The former chief financial officer of Kentucky Employers’ Mutual Insurance is suing the agency, alleging he was fired in March for trying to blow the whistle on wasteful spending, mismanagement and sexually crude comments made about women by the chief executive officer.
In workplace settings with men and women present, KEMI CEO Jon Stewart bragged that “he had taken his wife to the ‘headboard hotel,’ in reference to having sexual intercourse,” former CFO Scott McConnell alleged in his lawsuit.
Talking about a female job applicant, Stewart appraised her chest size and quipped that she would have to pass “the elbow test,” McConnell said in the lawsuit. Speaking of another woman, Stewart said “she has legs all the way up to the snack bar,” McConnell alleged.
Some of the financial allegations made by McConnell, who was KEMI’s CFO for four years, were independently verified in April by state Auditor Mike Harmon, who found a lack of competitive bidding and cost controls, inaccurate reporting of contracts and business funds used for expensive meals, liquor, gifts and entertainment for insiders’ personal benefit, including Stewart’s.
The auditor did not mention any sexual remarks in his report on KEMI.
In response to Harmon’s stinging audit, the KEMI Board of Directors recommended that Stewart take a salary cut and lose his long-term job contract in favor of year-to-year probation so his performance can be regularly reviewed.
Lexington-based KEMI is Kentucky’s largest issuer of workers’ compensation insurance, collecting money from 23,000 policyholders in all 120 counties, including most school districts. The General Assembly created it as an independent nonprofit in 1994 to serve as an insurer of last resort, staking it with a $7 million public loan. Its board members are state cabinet secretaries and gubernatorial appointees.
Stewart declined to comment on the suit Tuesday. In a prepared statement issued by the nonprofit’s general counsel, Tim Feld, KEMI said it is “thankful for the years of service Mr. McConnell provided,” but it does not believe his allegations are true. It noted that KEMI has filed a motion in Fayette Circuit Court to dismiss the suit. A hearing in the case is scheduled for next month.

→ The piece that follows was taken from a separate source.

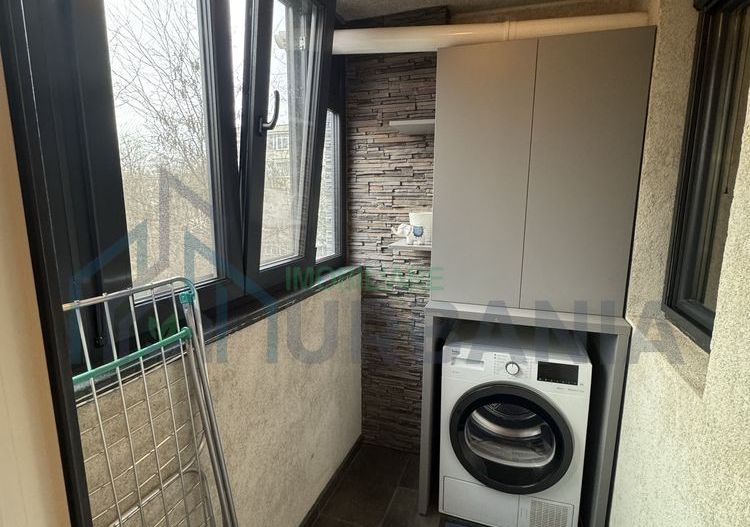 Apartament Tatarasi Ciurchi 3 camere - Poză 6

“KEMI takes pride in our positive work culture and workforce that diligently operates the state’s premier workers’ compensation carrier,” the nonprofit said.
In his lawsuit, McConnell said he spent three years raising many of the same concerns uncovered by the state auditor, only to be ignored by Stewart and other top KEMI officials, frozen out of day-to-day business decisions and finally fired. McConnell is asking for unspecified financial damages and protection under the Kentucky Whistleblower Act.

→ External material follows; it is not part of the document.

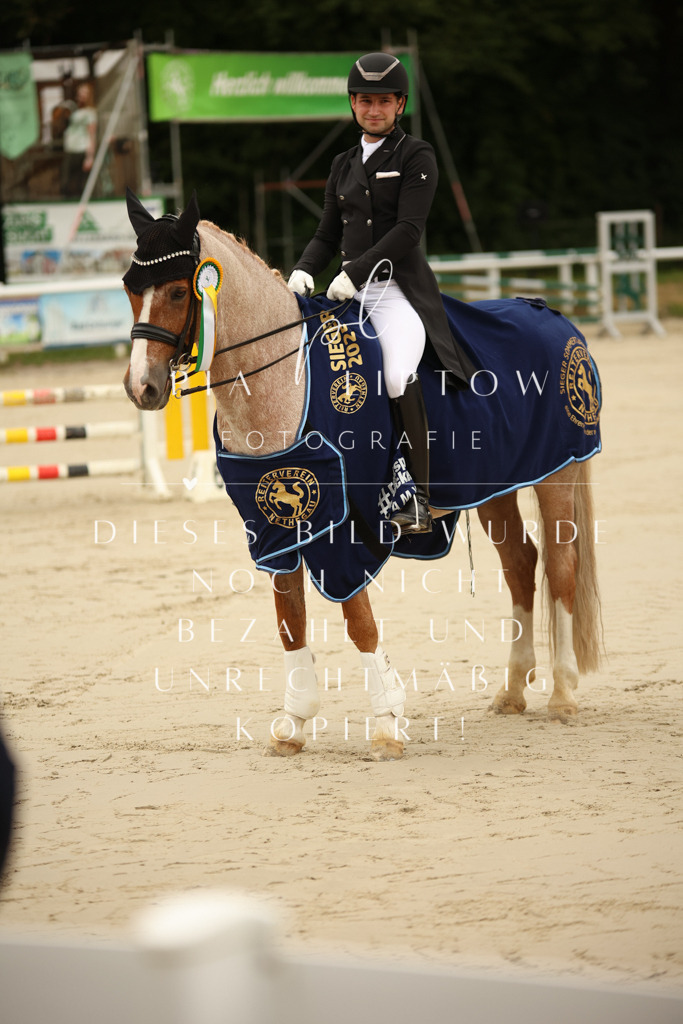 IMGM1292 | pl-fotografie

By firing McConnell just ahead of the state auditor’s report, Stewart both unfairly punished him and prevented him from telling the Board of Directors what he uncovered, McConnell said in his suit, filed in August in Fayette Circuit Court.

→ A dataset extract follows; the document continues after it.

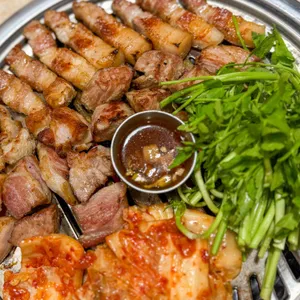 남항끝집 사진 2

McConnell joined KEMI in 1999 and worked his way up through the internal audit division.
In his suit, McConnell said he repeatedly tried to report many problems he uncovered inside the agency.
Apart from Stewart’s sexual remarks, which he reported to the human resources director, McConnell said, he also:
▪ criticized the performance of several employees in the business development and marketing departments who did little work but received “substantial salaries,” one of whom was a close, personal friend of Stewart’s;
▪ questioned KEMI spending on golf tournaments, sporting events and a hunting trip, all apparently intended for the enjoyment of Stewart and other top KEMI officials;
▪ asked why those same KEMI officials watched golf games during the day when they should have been working;
▪ urged KEMI leaders to stop paying for liquor as a business expense;
▪ and requested more information on Stewart’s decision in 2017 to switch a KEMI contract for credit card transactions to a new vendor, a company owned by a college friend of his son.
KEMI ratepayers suffered because of the way Stewart ran the agency, McConnell said. In particular, top KEMI officials showed an obsession with golf that distracted them from their duties, he said.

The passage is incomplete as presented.